Ultimately, the fast, free communication of the Internet will affect all businesses and organizations. But it already is a major headache for the auto industry, which makes and sells products that are an important part of every American's life.
Our cultural love affair with - and dependence on - the automobile creates a huge interest in things automotive. Everybody craves information about cars and trucks. And any company with a large work force is likely to have disgruntled employees who can wreak havoc by quickly and efficiently disclosing sensitive information and trade secrets.
When Ford Motor Co. went to court last week to shut down the blueovalnews.com Web site, it was trying to protect trademarks and proprietary information. Robert Lane, the site's creator, started out as a fan who owns Ford cars and trucks. But he posted internal Ford documents on his Web site - including documents sent to him by unhappy Ford employees.
Ford demanded not only that the site be removed but also that Lane be forced to reveal his sources, most likely so they could be fired or disciplined. Ford can certainly fire loose-lipped employees. But shutting down a publisher - even an Internet publisher - touches the First Amendment of the U.S. Constitution, which protects freedom of speech and of the press.
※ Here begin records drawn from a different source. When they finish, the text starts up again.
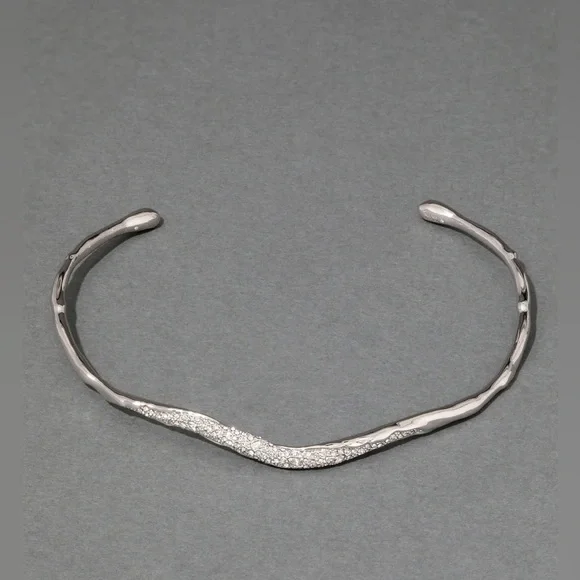 ALEXIS BITTAR • Solanales Silver Crystal Skinny Collar Necklace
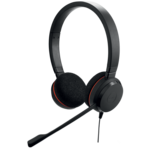Jabra Evolve 20 MS stereo Kablet Høretelefoner Sort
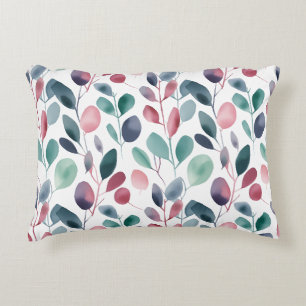 Coussins Décoratifs Coloré Rustique Eucalyptus Feuilles d'aquarelle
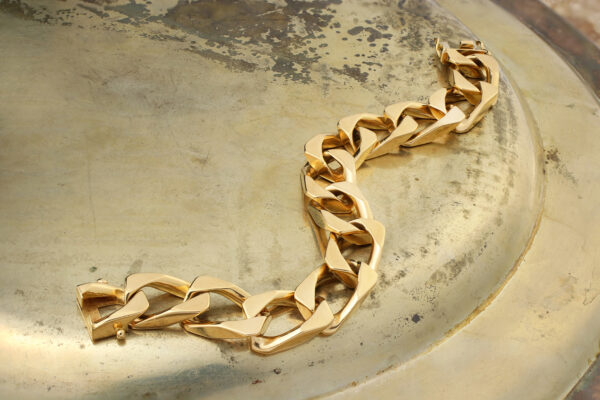 Van Cleef & Arpels Gold Curb Link Bracelet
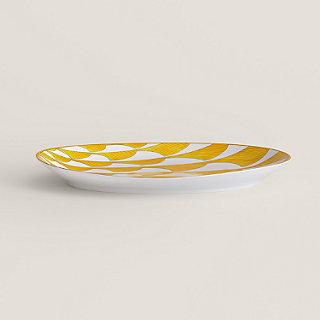 Soleil d'Hermès oval platter, small model | Hermès USA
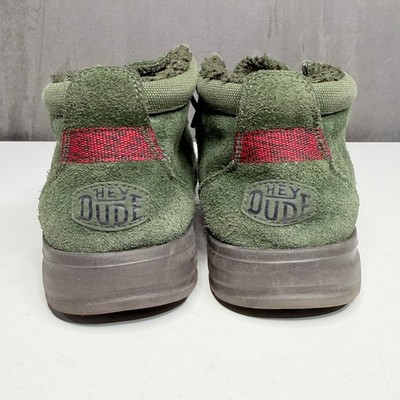 Hey Dude Shoes Wally Mid GripR Warmth Mens Size 7 Olive  display picture 1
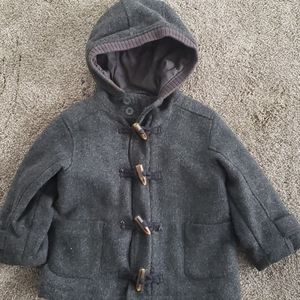 Boys hooded winter pea coat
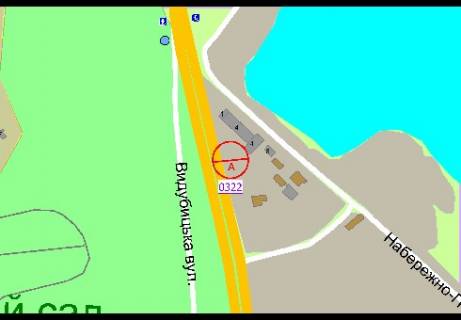 Video Billboard A in Kyiv, 3x6  Naddnepranskoe sosse (500m do mosta Patona, k centru) - 340526 scheme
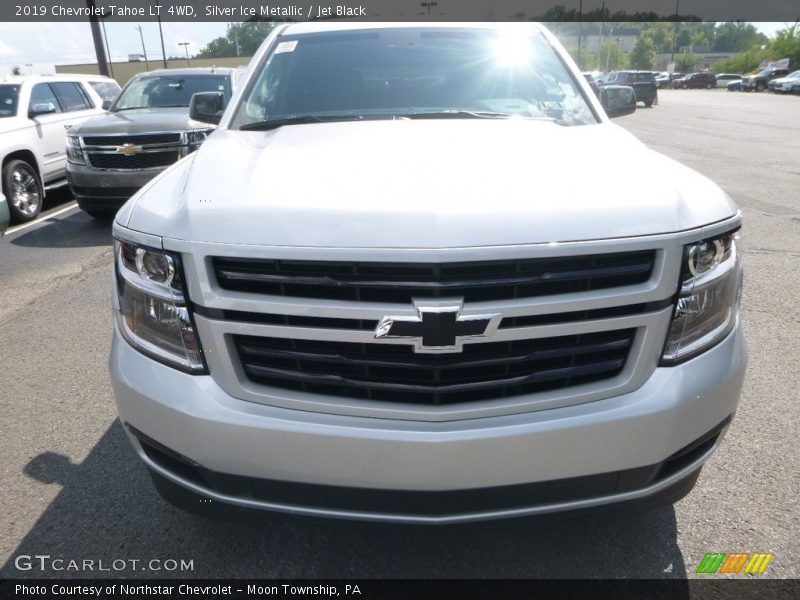 Silver Ice Metallic / Jet Black 2019 Chevrolet Tahoe LT 4WD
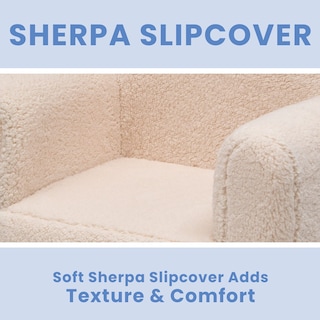 Foto 4 | Foto 4 | Silla De Espuma Delta Children Cozee Sherpa Cream 25x18x47 Cm - Venta Internacional.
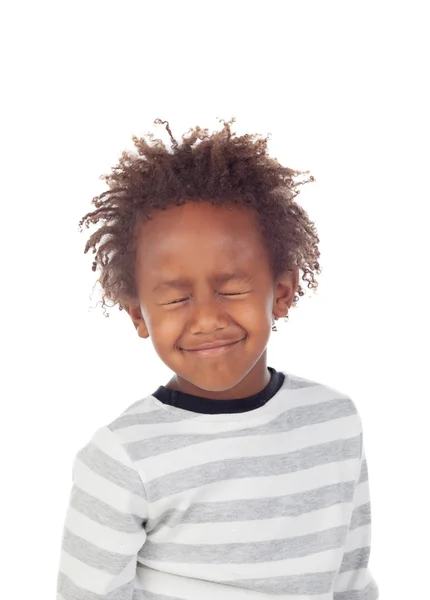 Criança africana engraçada — Fotografia de Stock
Ford's fight against blueovalnews.com probably will establish some legal parameters for the Internet and other new media. It also could redefine some boundaries for traditional media - such as Automotive News - and the information we provide to you, our readers.
The power to communicate is greater today than the power to suppress. Because the flow of information over the Internet is so quick and widespread and because we are all so dependent on that flow of information, Ford vs. blueovalnews.com has huge implications for all of us.